What you need to do: Only the lines from the one containing "İklim değişikliğiyle mücadelede" to the end of the records should be given again, word for word and in full.

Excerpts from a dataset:
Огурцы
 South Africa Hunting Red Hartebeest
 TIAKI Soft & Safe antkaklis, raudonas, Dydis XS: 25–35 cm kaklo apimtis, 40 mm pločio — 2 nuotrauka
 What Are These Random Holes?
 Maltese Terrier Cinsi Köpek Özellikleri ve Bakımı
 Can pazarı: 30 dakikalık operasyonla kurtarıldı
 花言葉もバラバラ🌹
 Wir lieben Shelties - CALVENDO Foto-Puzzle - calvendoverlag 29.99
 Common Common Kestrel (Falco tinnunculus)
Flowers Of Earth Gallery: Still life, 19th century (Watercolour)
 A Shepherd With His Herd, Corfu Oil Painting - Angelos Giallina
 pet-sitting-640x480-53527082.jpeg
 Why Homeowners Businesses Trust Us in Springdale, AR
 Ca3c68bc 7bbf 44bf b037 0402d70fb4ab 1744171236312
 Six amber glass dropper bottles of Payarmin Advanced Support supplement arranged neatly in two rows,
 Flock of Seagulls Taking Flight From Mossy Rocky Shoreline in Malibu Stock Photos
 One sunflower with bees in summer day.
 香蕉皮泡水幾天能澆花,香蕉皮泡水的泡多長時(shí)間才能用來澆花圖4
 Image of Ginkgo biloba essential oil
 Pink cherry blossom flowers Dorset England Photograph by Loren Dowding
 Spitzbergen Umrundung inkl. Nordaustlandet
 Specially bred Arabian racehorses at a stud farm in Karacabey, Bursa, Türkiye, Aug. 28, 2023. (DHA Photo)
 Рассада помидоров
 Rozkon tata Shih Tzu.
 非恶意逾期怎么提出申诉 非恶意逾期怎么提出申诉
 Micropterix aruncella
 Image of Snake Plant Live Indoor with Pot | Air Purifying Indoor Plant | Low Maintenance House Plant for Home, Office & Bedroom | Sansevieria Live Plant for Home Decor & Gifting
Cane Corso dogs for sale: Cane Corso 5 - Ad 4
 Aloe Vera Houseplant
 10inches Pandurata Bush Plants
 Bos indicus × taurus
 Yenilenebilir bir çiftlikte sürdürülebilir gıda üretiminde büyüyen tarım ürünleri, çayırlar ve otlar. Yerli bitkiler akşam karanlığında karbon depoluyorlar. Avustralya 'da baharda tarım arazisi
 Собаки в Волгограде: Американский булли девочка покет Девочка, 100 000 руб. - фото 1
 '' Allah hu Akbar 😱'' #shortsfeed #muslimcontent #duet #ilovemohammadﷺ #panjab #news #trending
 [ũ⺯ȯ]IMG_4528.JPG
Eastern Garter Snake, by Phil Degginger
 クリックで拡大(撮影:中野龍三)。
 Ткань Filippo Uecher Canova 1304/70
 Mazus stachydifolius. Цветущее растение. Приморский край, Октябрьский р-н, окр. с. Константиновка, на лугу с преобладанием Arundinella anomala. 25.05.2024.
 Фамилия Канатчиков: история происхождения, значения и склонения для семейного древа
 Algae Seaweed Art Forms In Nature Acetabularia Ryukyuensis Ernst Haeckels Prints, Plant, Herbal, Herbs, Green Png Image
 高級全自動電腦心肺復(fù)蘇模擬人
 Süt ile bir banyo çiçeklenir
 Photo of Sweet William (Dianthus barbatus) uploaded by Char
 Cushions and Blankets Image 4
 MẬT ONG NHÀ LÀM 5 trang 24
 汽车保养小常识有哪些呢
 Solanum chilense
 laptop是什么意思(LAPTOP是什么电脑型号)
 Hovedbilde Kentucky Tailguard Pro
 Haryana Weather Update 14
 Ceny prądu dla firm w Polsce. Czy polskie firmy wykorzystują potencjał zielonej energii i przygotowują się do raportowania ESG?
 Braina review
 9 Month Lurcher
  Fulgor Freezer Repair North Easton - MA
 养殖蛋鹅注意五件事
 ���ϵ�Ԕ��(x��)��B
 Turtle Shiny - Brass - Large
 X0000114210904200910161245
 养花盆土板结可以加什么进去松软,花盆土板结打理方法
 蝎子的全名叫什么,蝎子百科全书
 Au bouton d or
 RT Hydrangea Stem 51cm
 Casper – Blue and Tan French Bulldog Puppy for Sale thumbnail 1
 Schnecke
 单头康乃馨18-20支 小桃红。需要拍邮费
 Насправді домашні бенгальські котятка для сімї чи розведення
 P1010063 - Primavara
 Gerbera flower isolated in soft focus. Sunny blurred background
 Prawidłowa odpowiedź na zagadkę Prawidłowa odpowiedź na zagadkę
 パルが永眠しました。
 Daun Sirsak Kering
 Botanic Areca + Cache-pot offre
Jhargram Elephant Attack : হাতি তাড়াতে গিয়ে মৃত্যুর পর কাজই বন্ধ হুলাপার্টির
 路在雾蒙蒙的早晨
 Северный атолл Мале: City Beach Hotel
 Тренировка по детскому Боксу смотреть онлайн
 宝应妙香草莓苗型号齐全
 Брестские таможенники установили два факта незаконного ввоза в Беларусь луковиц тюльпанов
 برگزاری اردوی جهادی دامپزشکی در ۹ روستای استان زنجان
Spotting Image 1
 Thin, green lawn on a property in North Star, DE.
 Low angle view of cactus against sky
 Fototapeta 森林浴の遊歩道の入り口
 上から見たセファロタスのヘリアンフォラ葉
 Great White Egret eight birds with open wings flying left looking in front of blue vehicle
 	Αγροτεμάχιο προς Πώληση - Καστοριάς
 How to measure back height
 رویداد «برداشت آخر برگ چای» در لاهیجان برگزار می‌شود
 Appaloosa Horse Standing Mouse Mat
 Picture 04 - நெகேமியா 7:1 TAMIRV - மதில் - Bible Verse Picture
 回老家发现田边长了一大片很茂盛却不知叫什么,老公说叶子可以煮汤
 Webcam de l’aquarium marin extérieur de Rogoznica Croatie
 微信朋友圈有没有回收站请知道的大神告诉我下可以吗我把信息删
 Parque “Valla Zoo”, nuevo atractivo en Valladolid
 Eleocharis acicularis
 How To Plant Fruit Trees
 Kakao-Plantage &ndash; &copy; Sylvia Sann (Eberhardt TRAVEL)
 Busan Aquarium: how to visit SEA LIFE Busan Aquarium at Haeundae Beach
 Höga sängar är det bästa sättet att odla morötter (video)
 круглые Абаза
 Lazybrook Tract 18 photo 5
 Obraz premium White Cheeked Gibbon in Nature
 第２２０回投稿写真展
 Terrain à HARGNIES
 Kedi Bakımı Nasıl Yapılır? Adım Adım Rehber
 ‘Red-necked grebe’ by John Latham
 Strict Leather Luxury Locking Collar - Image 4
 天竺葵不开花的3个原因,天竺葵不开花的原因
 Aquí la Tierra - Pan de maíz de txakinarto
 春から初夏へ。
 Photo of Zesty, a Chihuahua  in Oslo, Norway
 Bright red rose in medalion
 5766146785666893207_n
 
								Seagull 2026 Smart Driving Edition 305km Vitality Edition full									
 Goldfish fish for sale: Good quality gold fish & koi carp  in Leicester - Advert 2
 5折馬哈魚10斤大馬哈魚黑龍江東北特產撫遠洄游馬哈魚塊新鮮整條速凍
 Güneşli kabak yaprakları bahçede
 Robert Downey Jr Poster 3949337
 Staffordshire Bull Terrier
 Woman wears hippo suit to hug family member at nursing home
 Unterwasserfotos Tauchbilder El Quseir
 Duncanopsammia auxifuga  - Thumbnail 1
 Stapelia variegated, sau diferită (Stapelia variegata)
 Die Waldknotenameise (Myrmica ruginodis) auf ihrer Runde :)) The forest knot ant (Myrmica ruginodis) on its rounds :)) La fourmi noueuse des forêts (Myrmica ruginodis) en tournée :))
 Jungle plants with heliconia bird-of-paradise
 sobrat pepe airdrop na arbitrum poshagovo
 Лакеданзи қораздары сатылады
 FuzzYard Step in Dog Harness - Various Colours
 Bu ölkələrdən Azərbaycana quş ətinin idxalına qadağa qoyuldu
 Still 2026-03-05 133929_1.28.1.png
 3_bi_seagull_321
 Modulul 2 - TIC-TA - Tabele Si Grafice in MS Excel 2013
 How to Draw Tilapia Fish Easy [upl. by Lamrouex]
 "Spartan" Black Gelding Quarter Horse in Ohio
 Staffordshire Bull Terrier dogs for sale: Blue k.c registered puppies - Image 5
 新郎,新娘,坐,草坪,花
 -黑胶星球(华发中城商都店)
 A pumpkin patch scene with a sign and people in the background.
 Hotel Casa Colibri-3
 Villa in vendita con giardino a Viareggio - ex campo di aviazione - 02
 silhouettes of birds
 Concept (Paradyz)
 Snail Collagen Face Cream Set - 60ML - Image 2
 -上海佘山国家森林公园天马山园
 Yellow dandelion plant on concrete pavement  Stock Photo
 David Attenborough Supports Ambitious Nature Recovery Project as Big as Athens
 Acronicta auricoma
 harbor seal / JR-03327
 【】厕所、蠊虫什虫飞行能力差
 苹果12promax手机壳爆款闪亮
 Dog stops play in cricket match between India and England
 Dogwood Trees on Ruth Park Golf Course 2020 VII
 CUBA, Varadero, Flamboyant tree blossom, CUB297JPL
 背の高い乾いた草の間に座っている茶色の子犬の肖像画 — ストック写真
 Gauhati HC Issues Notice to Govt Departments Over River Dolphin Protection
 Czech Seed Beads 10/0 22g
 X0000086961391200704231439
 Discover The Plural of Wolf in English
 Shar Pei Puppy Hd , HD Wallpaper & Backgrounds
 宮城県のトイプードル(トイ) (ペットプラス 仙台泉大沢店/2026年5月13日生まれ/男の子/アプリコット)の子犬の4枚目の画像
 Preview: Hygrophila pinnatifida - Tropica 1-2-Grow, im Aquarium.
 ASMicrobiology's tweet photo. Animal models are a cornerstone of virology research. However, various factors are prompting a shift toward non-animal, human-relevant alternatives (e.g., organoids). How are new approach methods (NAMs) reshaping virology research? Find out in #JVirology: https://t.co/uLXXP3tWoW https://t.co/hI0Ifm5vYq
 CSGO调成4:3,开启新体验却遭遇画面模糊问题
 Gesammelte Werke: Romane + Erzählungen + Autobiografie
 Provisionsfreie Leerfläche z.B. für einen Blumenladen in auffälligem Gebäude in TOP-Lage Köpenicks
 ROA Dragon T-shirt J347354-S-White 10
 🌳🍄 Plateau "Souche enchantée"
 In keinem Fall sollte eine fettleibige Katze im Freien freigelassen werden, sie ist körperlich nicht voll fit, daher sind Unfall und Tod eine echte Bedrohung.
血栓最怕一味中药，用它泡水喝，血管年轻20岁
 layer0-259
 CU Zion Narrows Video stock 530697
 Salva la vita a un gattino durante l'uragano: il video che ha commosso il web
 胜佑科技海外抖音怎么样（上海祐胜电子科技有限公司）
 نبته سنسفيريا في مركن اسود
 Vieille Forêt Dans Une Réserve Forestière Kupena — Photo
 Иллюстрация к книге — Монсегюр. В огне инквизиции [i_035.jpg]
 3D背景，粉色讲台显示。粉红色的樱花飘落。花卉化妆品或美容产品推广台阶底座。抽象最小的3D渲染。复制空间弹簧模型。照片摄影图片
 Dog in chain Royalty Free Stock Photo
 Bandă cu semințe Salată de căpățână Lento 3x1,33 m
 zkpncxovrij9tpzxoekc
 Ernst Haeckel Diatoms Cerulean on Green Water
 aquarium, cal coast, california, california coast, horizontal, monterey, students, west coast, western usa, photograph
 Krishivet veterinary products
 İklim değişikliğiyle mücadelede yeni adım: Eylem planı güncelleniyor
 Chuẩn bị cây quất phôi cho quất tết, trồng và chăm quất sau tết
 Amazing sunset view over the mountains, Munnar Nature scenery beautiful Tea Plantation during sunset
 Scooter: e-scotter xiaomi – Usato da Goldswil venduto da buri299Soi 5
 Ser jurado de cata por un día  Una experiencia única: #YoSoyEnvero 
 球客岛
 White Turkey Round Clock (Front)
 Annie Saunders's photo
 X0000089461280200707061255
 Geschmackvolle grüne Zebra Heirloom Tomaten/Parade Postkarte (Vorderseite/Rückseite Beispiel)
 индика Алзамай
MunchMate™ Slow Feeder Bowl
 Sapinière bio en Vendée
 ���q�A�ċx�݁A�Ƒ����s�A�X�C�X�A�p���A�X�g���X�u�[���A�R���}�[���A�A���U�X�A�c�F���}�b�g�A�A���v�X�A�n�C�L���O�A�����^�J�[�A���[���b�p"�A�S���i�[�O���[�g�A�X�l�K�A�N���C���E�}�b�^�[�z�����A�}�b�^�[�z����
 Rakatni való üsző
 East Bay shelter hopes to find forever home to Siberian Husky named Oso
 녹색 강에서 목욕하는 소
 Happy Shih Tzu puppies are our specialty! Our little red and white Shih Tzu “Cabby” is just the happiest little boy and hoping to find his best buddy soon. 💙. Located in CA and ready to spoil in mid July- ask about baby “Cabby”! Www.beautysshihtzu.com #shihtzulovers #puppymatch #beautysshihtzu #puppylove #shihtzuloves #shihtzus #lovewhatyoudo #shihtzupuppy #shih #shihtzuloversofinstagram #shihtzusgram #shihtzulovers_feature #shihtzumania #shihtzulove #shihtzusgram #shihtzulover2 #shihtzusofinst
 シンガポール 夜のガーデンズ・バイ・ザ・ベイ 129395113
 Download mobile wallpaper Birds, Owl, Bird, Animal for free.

Result:
 İklim değişikliğiyle mücadelede yeni adım: Eylem planı güncelleniyor
 Chuẩn bị cây quất phôi cho quất tết, trồng và chăm quất sau tết
 Amazing sunset view over the mountains, Munnar Nature scenery beautiful Tea Plantation during sunset
 Scooter: e-scotter xiaomi – Usato da Goldswil venduto da buri299Soi 5
 Ser jurado de cata por un día  Una experiencia única: #YoSoyEnvero 
 球客岛
 White Turkey Round Clock (Front)
 Annie Saunders's photo
 X0000089461280200707061255
 Geschmackvolle grüne Zebra Heirloom Tomaten/Parade Postkarte (Vorderseite/Rückseite Beispiel)
 индика Алзамай
MunchMate™ Slow Feeder Bowl
 Sapinière bio en Vendée
 ���q�A�ċx�݁A�Ƒ����s�A�X�C�X�A�p���A�X�g���X�u�[���A�R���}�[���A�A���U�X�A�c�F���}�b�g�A�A���v�X�A�n�C�L���O�A�����^�J�[�A���[���b�p"�A�S���i�[�O���[�g�A�X�l�K�A�N���C���E�}�b�^�[�z�����A�}�b�^�[�z����
 Rakatni való üsző
 East Bay shelter hopes to find forever home to Siberian Husky named Oso
 녹색 강에서 목욕하는 소
 Happy Shih Tzu puppies are our specialty! Our little red and white Shih Tzu “Cabby” is just the happiest little boy and hoping to find his best buddy soon. 💙. Located in CA and ready to spoil in mid July- ask about baby “Cabby”! Www.beautysshihtzu.com #shihtzulovers #puppymatch #beautysshihtzu #puppylove #shihtzuloves #shihtzus #lovewhatyoudo #shihtzupuppy #shih #shihtzuloversofinstagram #shihtzusgram #shihtzulovers_feature #shihtzumania #shihtzulove #shihtzusgram #shihtzulover2 #shihtzusofinst
 シンガポール 夜のガーデンズ・バイ・ザ・ベイ 129395113
 Download mobile wallpaper Birds, Owl, Bird, Animal for free.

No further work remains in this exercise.